EXHIBITIONS

Yosuke Takeda “Ash without fire here”

Dates: Sep 7 – Oct 26, 2019
Location: Taka Ishii Gallery Photography / Film
Opening reception: Friday, Sep 13, 18:00 – 20:00

Taka Ishii Gallery Photography / Film is pleased to present “Ash without fire here,” an exhibition of works by Yosuke Takeda from Sep 7 to Oct 26. This exhibition marks Takeda’s third solo presentation with Taka Ishii Gallery since his previous showing three years ago, and features new works from his on-going “Digital Flare” series along with a recent film piece and a selection of related photographic works.

Takeda’s concern is with light, and the color in his photographs is by no means pictorial color; rather, it is prism color that seeps out from the light nurtured within the frame.
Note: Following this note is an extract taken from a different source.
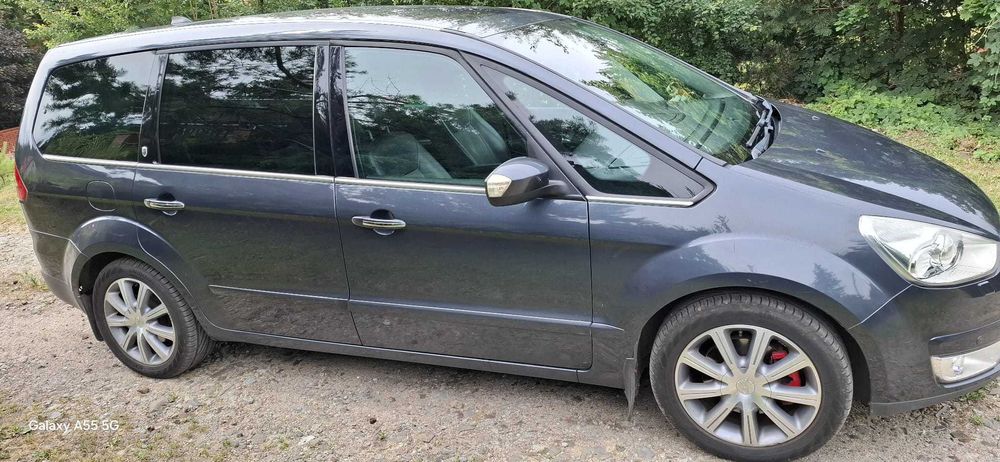 Ford Galaxy MK3 2006 r, 140 km 7 osobowy, wersja GHIA ,hak.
Although at a glance they look like aesthetic, pictorial images of the flickering of rays of sunshine filtering through the branches of trees, the images in the series “Digital Flare” are in fact photographs of strong light being drawn into the camera and the area within the frame being turned into what might be called a supersaturated state. This is the pure model for Takeda’s photography. Photographed in high resolution, the details are filled with light textures that undulate in an almost chaotic manner.

Minoru Shimizu, ‘Critical Fieldwork 47: Isolation and distance, or light in a box and light on paper,’ ARTiT, ART iT, Apr 18, 2014 (https://www.art-it.asia/en/u/admin_ed_contri7/60cpuncl38hjqos7roeg)

The series called “Digital Flare” captures the phenomenon that occurs when pointing a digital camera directly towards a strong source of light. While informed by the artist’s strong interest towards the fundamental elements of photography such as light and shadow, or moments of chance, the works have been developed under the nonconformist challenge of fixing upon the prints “signature of the lens” that is ordinarily removed in conventional photographs where the subject only exists outside the contours of the camera system. In addition to iconic flares, ghosts, and the blurring of colors, in Takeda’s new works it is possible to observe striking rings of light captured more prominently than ever. Such works perhaps fascinate viewers for their perilous nature, having been conceived as a result of shootings where the camera is exposed to intense light, so much so, that its inside melts due to the heat.

In Takeda’s film work that is inspired by his photograph of the water’s surface (2013), the golden tones (=symbol of eternity) and the water’s fluid surface (=a symbol of that which is constantly changing) are contrastingly depicted. The film footage, its film stills, and photographs that are juxtaposed and exhibited within the same context appear to reveal a sense of circularity –film as a collection of photographic moments, and vice versa, photography as isolated moments of film. The ambivalent allure characteristic of Takeda’s works can also be observed in the water with its viscous texture that writhes in a mysterious manner, and the faint and ephemeral light lingering upon its surface.

Yosuke Takeda was born in 1982 in Aichi Prefecture and graduated with a degree in philosophy from Doshisha University in 2005. Whilst studying, he started working with darkroom production and triggered by the gradual discontinuation of photographic film and paper he shifted towards digital photography. He continues to produce various works overflowing with a penetrating degree of consciousness towards photography as a medium. Recent solo exhibitions include “cancel”, 3331 GALLERY, Tokyo (2012); “Stay Gold”, Taka Ishii Gallery, Tokyo (2012) and “Stay Gold: Digital Flare”, Kurenboh, Tokyo (2014); “Arise”, Taka Ishii Gallery, Tokyo (2016). His works are included in the collection of The San Francisco Museum of Modern Art, San Francisco; Banco de España, Madrid; Kadist Art Foundation, San Francisco/Paris.